Viso acqua e sapone, abiti eleganti senza essere ricercati, una voce calda e morbida come il velluto, in grado all’occorrenza di toccare anche tonalità acute, la cantante e pianista Norah Jones, che tornerà in Italia a novembre per due attesi concerti al Teatro degli Arcimboldi di Milano(8/11) e al GranTeatro Geox di Padova(9/11), ha venduto 40 milioni di album e vinto 9 Grammy Awards. Non male per una cantante che non ha mai puntato su canzoni usa e getta, ma che ha sempre portato avanti con coerenza un percorso musicale di qualità.

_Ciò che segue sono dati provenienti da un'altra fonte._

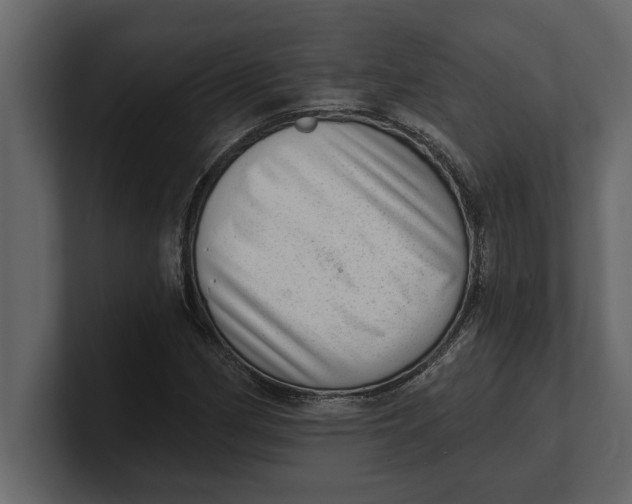 X0000100961162200807151352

Merito sicuramente dell’ambiente in cui è cresciuta, in particolare dei genitori Ravi Shankar, l’esotico maestro di sitar di George Harrison, e della cantante soul Sue Jones, che le ha trasmesso l’amore per la musica black. La Jones cresce ascoltando soprattutto jazz e country, influenze che ritroviamo anche nel suo primo album Come away with me del 2002. Il disco vende diciannove milioni di copie e si aggiudica nel 2003 cinque Grammy Awards. Assai diverso l’ultimo Little broken hearts, in cui Dangerosus Mouse le cuce addosso un abito sonoro scarno e ‘cool’, in cui si alternano sapientemente elettronica e archi, dando così vita a un pop-folk modernissimo e dal retrogusto indie.